Valantar · Nov 13, 2018

bug said:
Oh, gee, that's so simple to explain. Try saying that to the average buyer, see how it fares

"This number," *points at label showing 95W/3.6GHz* "is baseline performance, what you get with a cheap mobo and cooler. This other number," *points to where it says 180W/4.7GHz* "is what you can reach if you invest in better cooling and a more solidly built motherboard. It's around 30% faster on paper, though YMMV."

That wasn't so hard, now was it?

R0H1T · Nov 13, 2018

efikkan said:
They gave results from a cherry-picked benchmark, that does not equivalate IPC. This is all marketing BS, and we should know better than that. People are usually very (and rightfully) sceptical of Intel's and Nvidia's cherry-picked performance claims, we should have the same standard for AMD.

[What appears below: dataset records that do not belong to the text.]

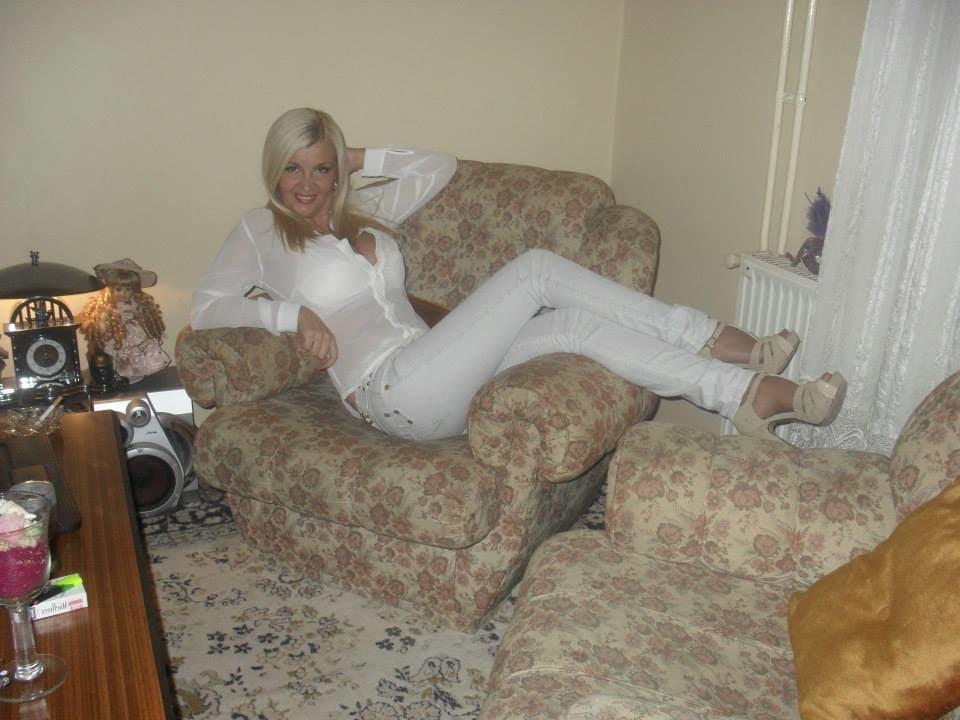 25P Hot blonde milfs ultra-fuckable sh#tter (no nudity)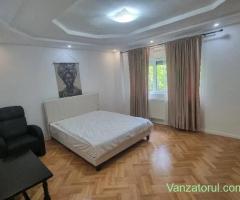 Proprietar inchiriez apartament cu 2 camere langa parc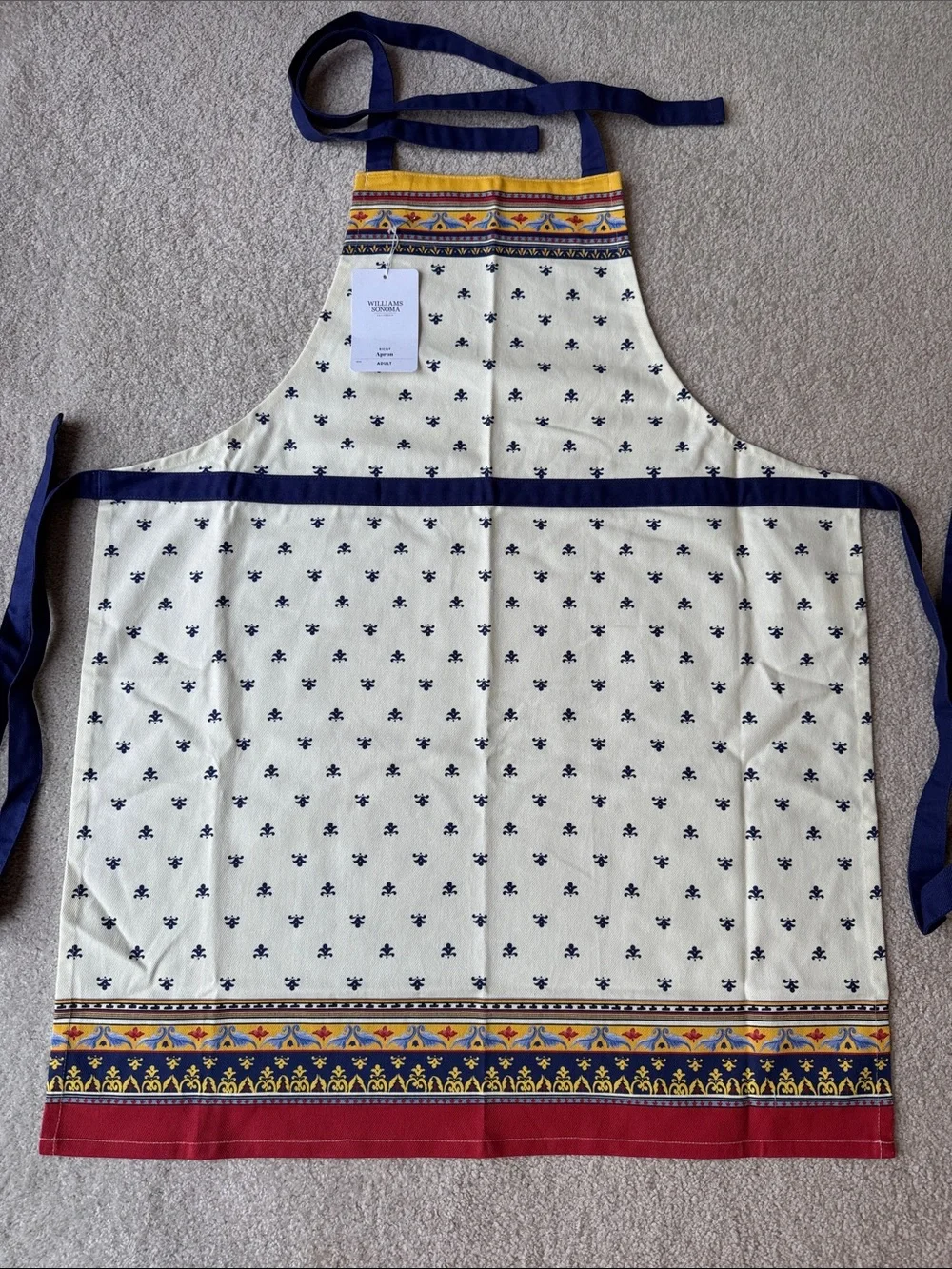 NEW Williams Sonoma Cream and Navy Fleur Kitchen Cotton Set w/Multicolor Border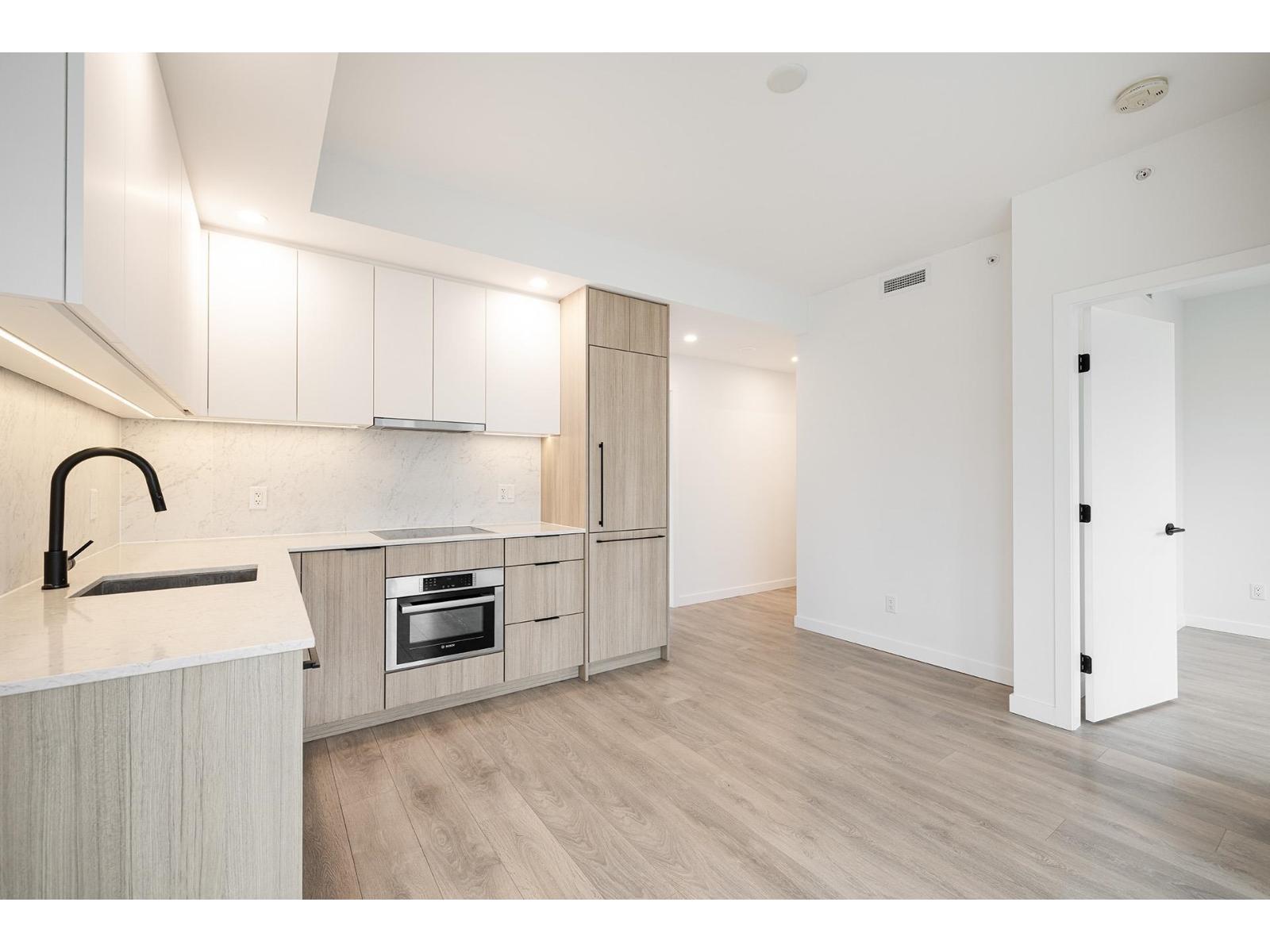 202 13685 102 AVENUE, Surrey, British Columbia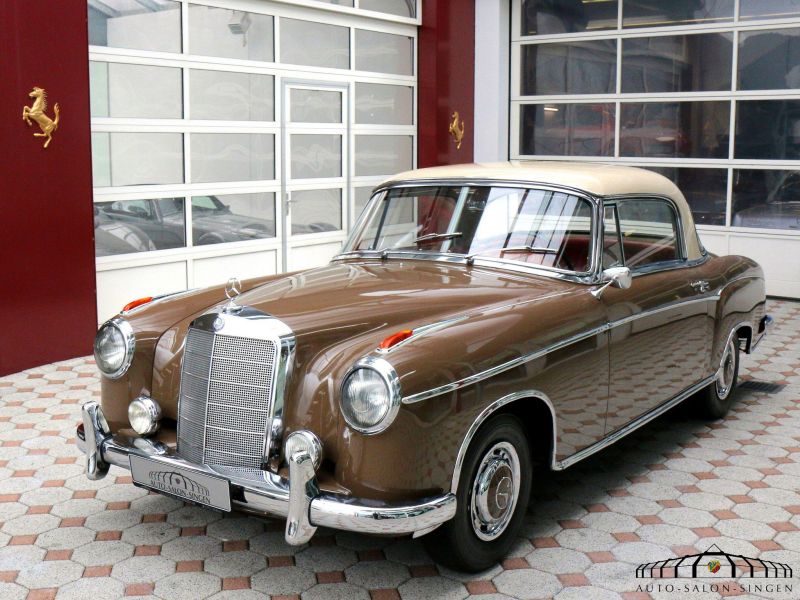 Mercedes-Benz 220 S Ponton Coupe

Games are in no way bottlenecked by ALU or FPU throughput. Rendering threads in games have very little computational load (percentage of total instructions), and is mainly bottlenecked by cache misses. To even come close to saturating ALUs and FPUs, like the benchmark referred to in this thread, you need the majority of the code to be a tight loop of nearly pure math operations. On modern ~4 GHz CPUs the cost of a cache miss is ~250 cycles or more, and with all the execution ports you should be able to imagine how much potential is actually wasted by a single cache miss, or how many simple ALU/FPU operations one cache miss is "worth". Game rendering code is usually a huge amount of function calls and a small amount of calculations (relatively speaking), most of these function calls will cause at least one cache miss, which is why this type of code usually leaves the CPU stalled >95% of clock cycles. A small improvement in prediction and/or OoOE can give decent benefits without adding any additional computational resources.

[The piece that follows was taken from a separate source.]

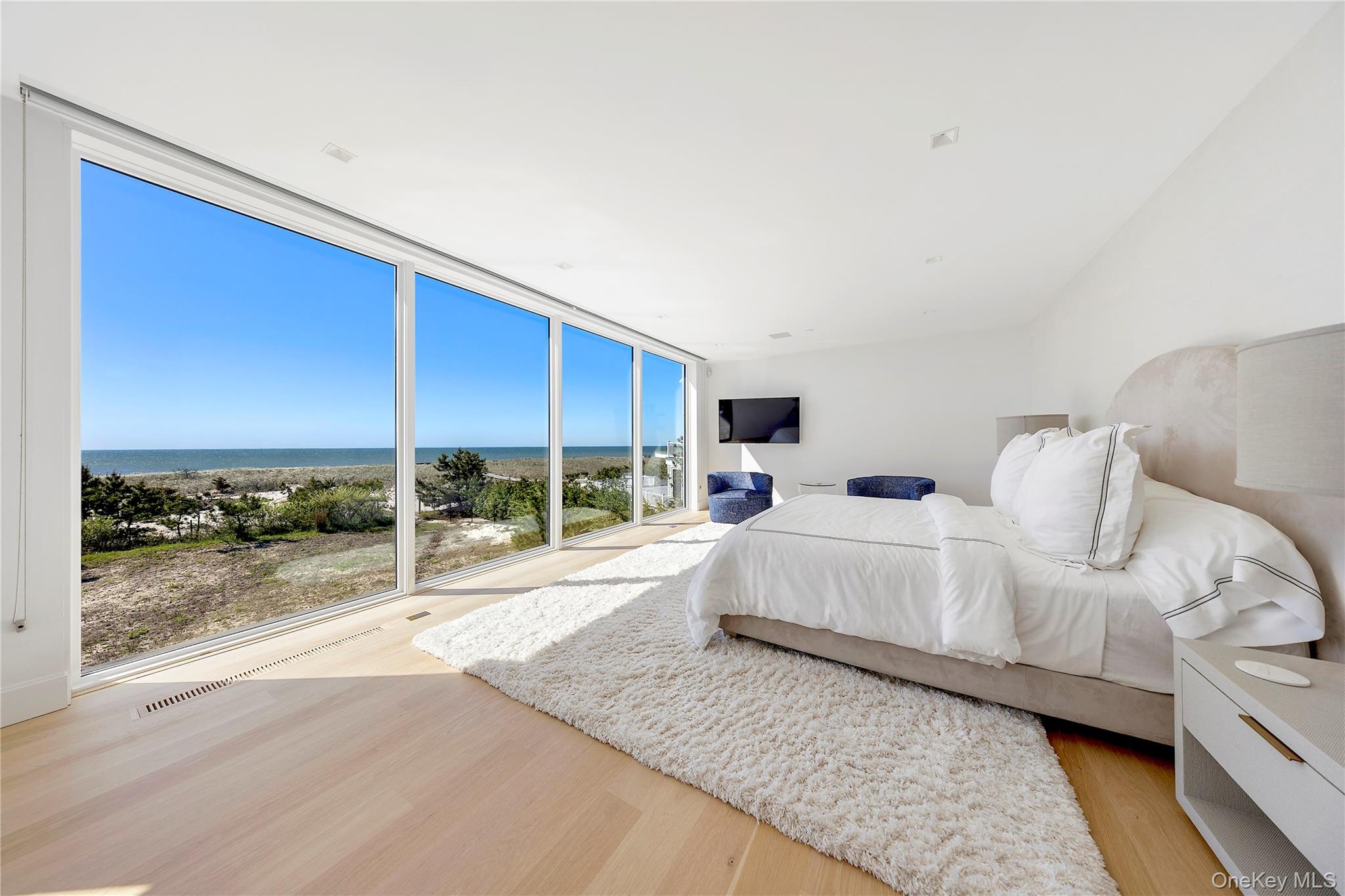 345 Dune Road, Westhampton Beach, NY 11978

That's because it's nearly impossible to replicate test conditions from one test bench to another, one chip to another. AMD can't lie to their investors, their claims are true even if cherry picked. Yes ~ let's assume best case, or best of 3 (runs) but what you seem to be doing here is Intel/Nivdia (AMD?) lied in the past so this is also a lie.

looncraz · Nov 13, 2018

efikkan said:
They gave results from a cherry-picked benchmark, that does not equivalate IPC. This is all marketing BS, and we should know better than that. People are usually very (and rightfully) sceptical of Intel's and Nvidia's cherry-picked performance claims, we should have the same standard for AMD.

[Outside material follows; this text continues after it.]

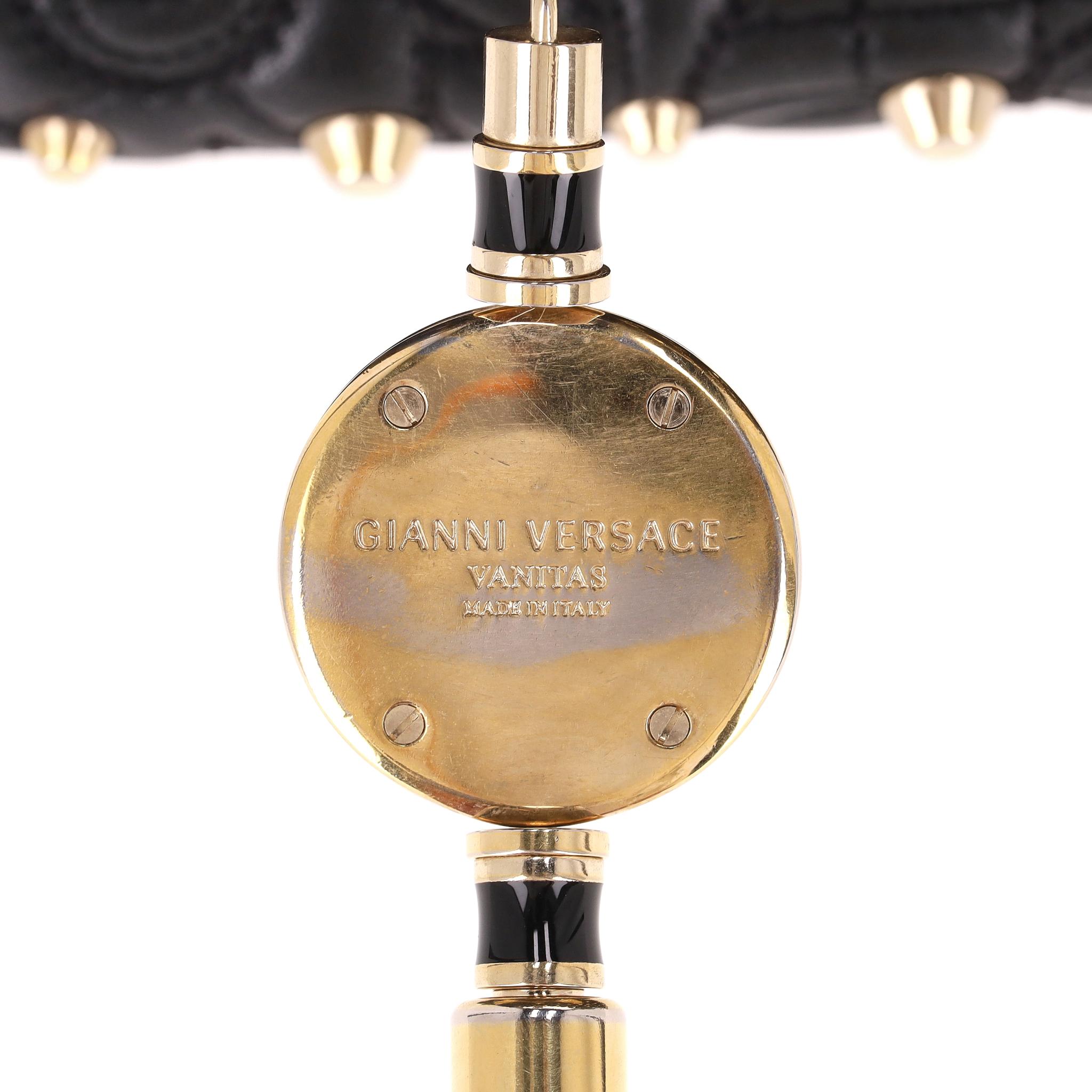 Versace Nappaleder Barocco Gesteppte Vanitas Demetra Tasche mit Nieten im Angebot 4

No doubt it was cherry picked - there's a reason those tests specifically leveraged the hardware AMD mentioned as being improved. This is the peak improvement (outside of 256 bit floating point, which should roughly double in performance) we should expect. It's the upper bounds... but it's still a valid test because we can gleam from it several things.

dkern can be extremely useful for testing the front end... but you need to have a rather large vector upon which to operate for that to happen... and we just don't know what AMD was doing with dkern since it's just a function that operates on data. However, dkern has branches, does integer or floating point comparisons, decrements, subtraction, division, and operates on potentially large amounts of data (usually image or scientific data, being a statistical smoothing method).

RSA in this situation could be used to decrypt or encrypt the data being accessed or could be an entirely other program being used... or AMD ran two benchmarks and averaged the results... they were very unclear.

RSA has a few tight loops, multiplication, division, comparisons and branches within loops, and potentially significant bandwidth utilization (simply jumping to L2 counts as significant in this context).

efikkan said:
Games are in no way bottlenecked by ALU or FPU throughput. Rendering threads in games have very little computational load (percentage of total instructions), and is mainly bottlenecked by cache misses. To even come close to saturating ALUs and FPUs, like the benchmark referred to in this thread, you need the majority of the code to be a tight loop of nearly pure math operations. On modern ~4 GHz CPUs the cost of a cache miss is ~250 cycles or more, and with all the execution ports you should be able to imagine how much potential is actually wasted by a single cache miss, or how many simple ALU/FPU operations one cache miss is "worth". Game rendering code is usually a huge amount of function calls and a small amount of calculations (relatively speaking), most of these function calls will cause at least one cache miss, which is why this type of code usually leaves the CPU stalled >95% of clock cycles. A small improvement in prediction and/or OoOE can give decent benefits without adding any additional computational resources.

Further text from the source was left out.